The student transferred to the school this year when he moved from a foster home back to his mother's home. Officials at Mount Vernon High School, which Mr. Guedes had attended before moving to Yonkers, said the youth was not permitted to play football or take part in physical-education classes because he failed physical examinations.
Mr. Guedes had a "pre-physical" at the Yonkers school after team practices had started, Ms. Raymond said. That examination tested his eyesight, hearing, and urine content.
Kingdon Locker, a lawyer for Mrs. Guedes, said a cursory examination of the youth should have revealed possible health risks in playing football. "If they had him take off his shirt it would have been obvious," he said. He was referring to a large scar on Mr. Guedes's chest, which was the result of surgery.
According to Mr. Willie of the state education department, Yonkers officials incorrectly told state officials in two affadavits that they had met several health and safety requirements in administering their sports programs. The affadavits were signed by Ms. Raymond and Henry Monaco, then the director of physical education for the district. Those reports were approved by state officials.
The state's inquiry found that only 439 of the 865 students involved in athletics programs in the district's five schools last fall had undergone a physical examination before team practices started. Fifty-eight students had physical examinations before the first day of school, 197 had examinations before the game in which the student died, and 145 had examinations after the game.
About 85 percent of the students involved in all athletic programs had not obtained formal permission from parents to participate in sports, Mr. Willie said.
This "breakdown," the state inquiry concluded, stemmed from larger problems in the district's administration of sports. The most serious problems, Mr. Willie said, were that no Yonkers official had full responsibility for sports administration and that methods of checking coaches' qualifications were inadequate.
"They had no one with the authority necessary to carry out the functions of athletic director," Mr. Willie said. "There was a tremendous breakdown in terms of communication and lines of authority. As a result, a number of youngsters participated in fall sports without authorization."
Since the investigation, the district has hired an acting director of physical education who will have responsibility for athletics.
District officials have also established inservice training programs for coaches and other school officials who must deal with health issues in athletics, reviewed the records of all students involved in athletics, established a group to advise the board of education about athletics, and started work on a revised physical-education plan to present to the state.

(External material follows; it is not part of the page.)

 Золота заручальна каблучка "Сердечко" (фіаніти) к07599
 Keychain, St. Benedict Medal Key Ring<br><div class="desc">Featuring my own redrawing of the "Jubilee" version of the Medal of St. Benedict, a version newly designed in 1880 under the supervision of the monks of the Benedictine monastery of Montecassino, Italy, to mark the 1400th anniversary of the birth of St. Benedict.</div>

In a related development, a random survey of five New York City schools found a similar failure to enforce state and local regulations that were devised to protect the health and safety of high-school athletes.
Comptroller Harrison J. Goldin said the survey found that about 20 percent of the schools' varsity and junior-varsity football and soccer players were permitted to join the teams without the necessary medical examinations and parental permission.
Mr. Goldin said the city's Board of Education had warned the schools to meet state and district standards or face disciplinary actions.